WHAT YOU ARE ASKED TO DO
The required result is the number of lines in this material containing the word "Image". Write that number and no other text.

DATASET RECORDS

═══

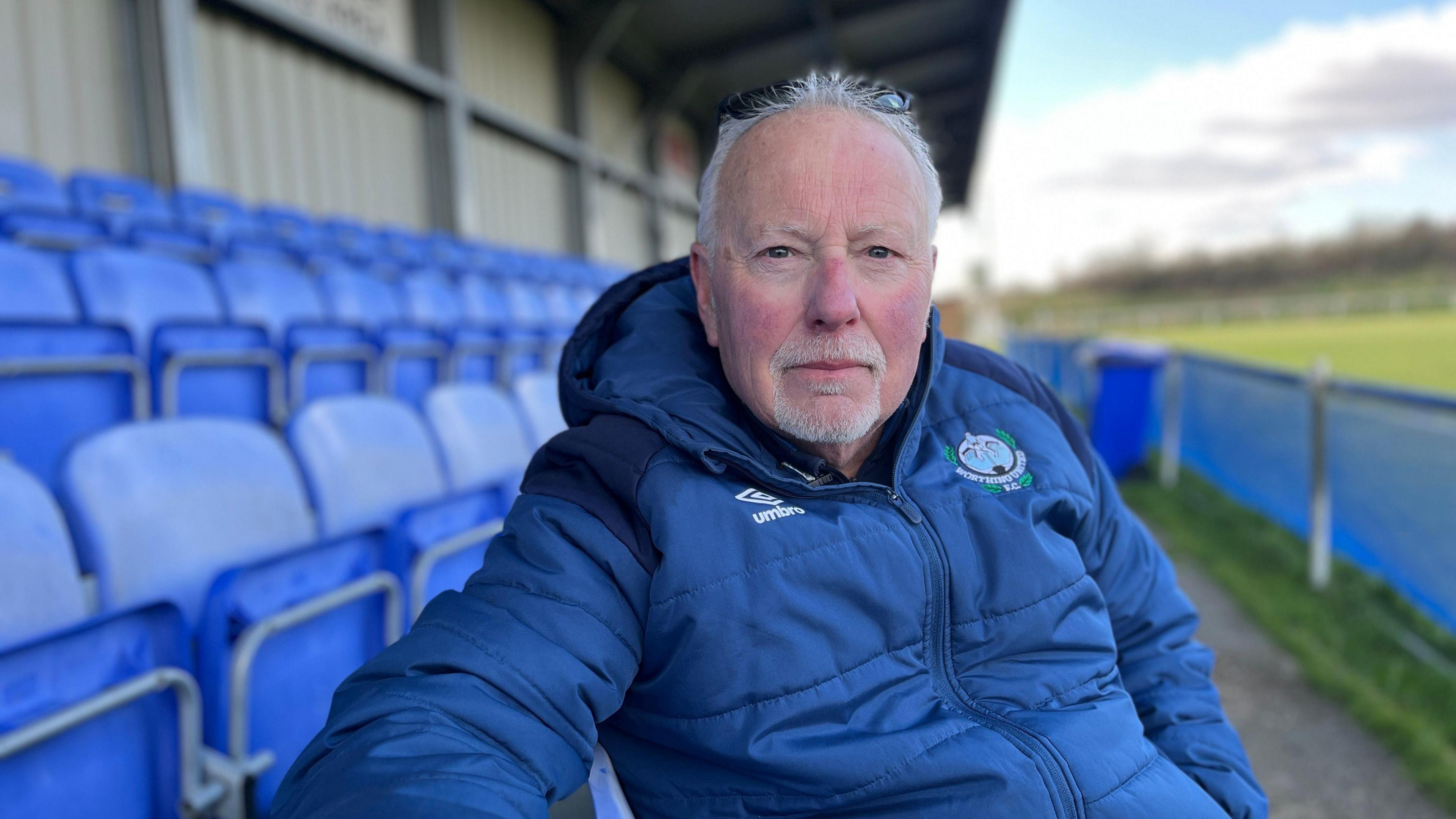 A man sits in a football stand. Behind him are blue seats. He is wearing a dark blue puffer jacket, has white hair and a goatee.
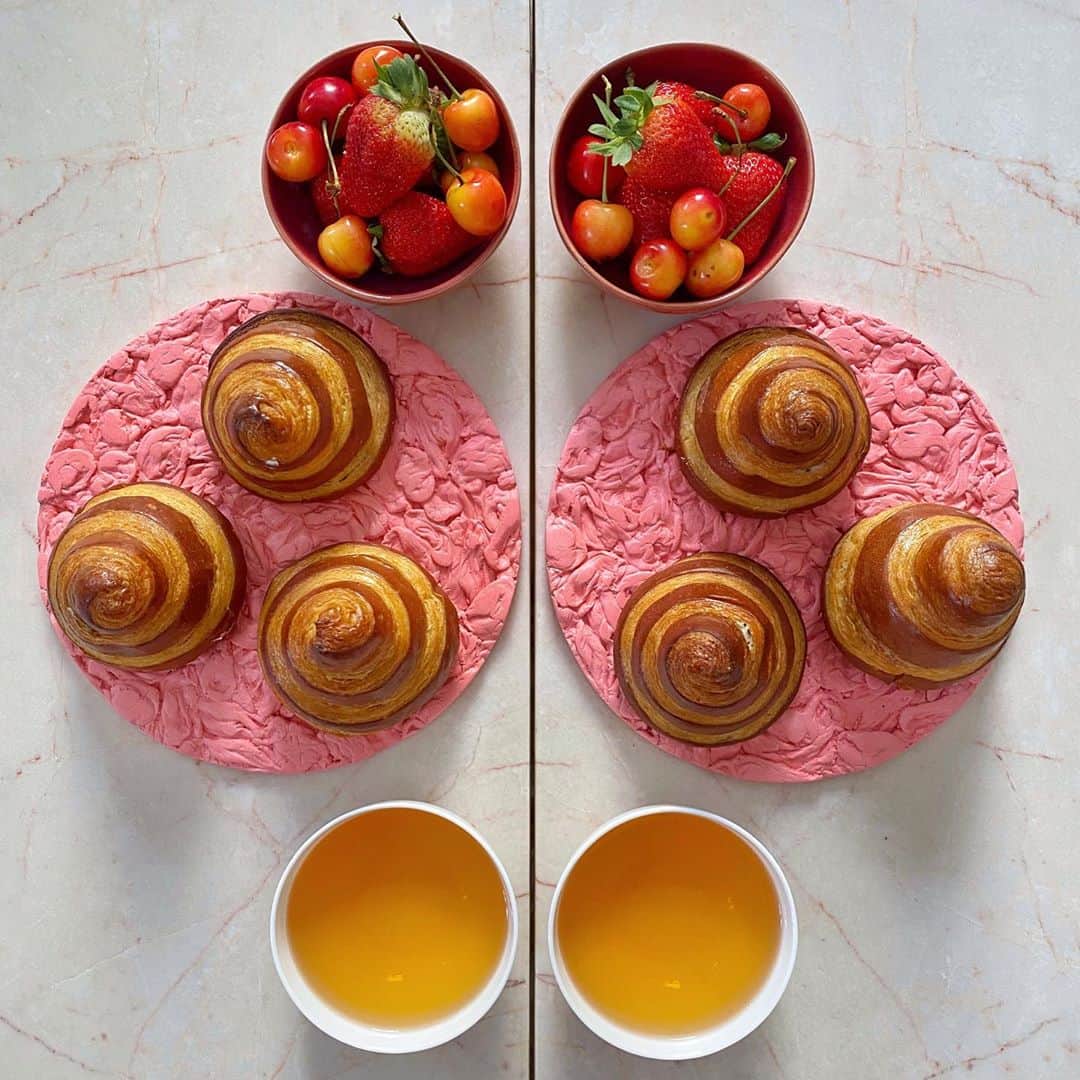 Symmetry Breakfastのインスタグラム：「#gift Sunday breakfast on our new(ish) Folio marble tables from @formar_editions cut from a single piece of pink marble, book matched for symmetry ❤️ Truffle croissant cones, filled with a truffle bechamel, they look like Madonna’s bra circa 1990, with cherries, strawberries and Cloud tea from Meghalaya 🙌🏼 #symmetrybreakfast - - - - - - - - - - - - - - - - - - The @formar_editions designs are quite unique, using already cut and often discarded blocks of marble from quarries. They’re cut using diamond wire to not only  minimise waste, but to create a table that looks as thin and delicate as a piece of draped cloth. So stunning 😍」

═══

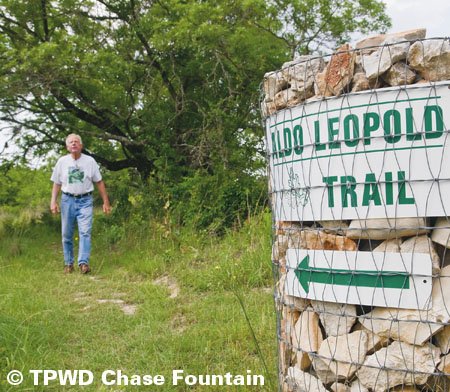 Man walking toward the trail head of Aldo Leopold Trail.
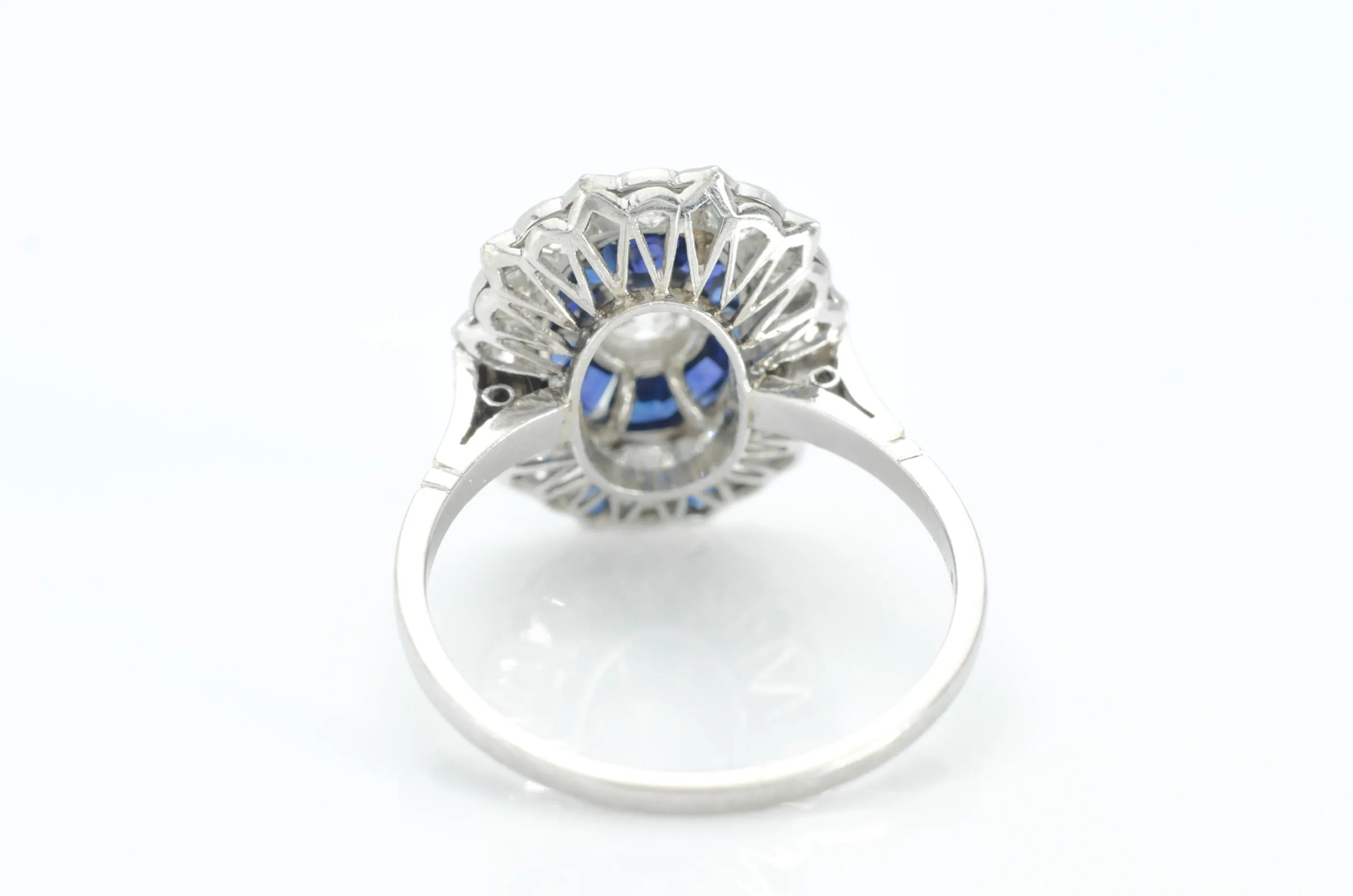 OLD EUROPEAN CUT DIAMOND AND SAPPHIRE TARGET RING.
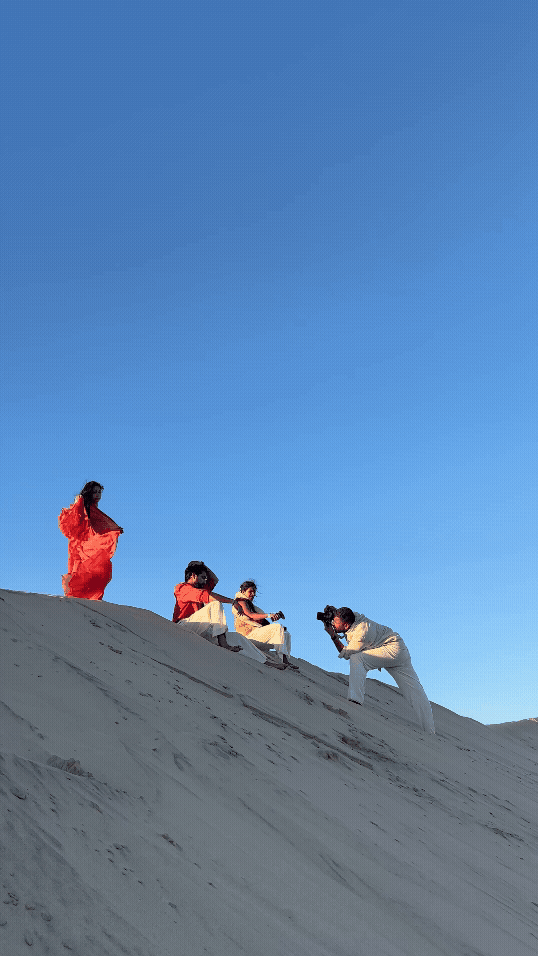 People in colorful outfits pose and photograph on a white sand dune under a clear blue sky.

═══

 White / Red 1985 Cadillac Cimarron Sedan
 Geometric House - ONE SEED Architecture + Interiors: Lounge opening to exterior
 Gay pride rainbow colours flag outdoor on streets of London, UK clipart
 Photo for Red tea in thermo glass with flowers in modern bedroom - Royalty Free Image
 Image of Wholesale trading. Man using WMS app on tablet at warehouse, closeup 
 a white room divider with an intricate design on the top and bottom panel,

═══

COMPLETED TASK
2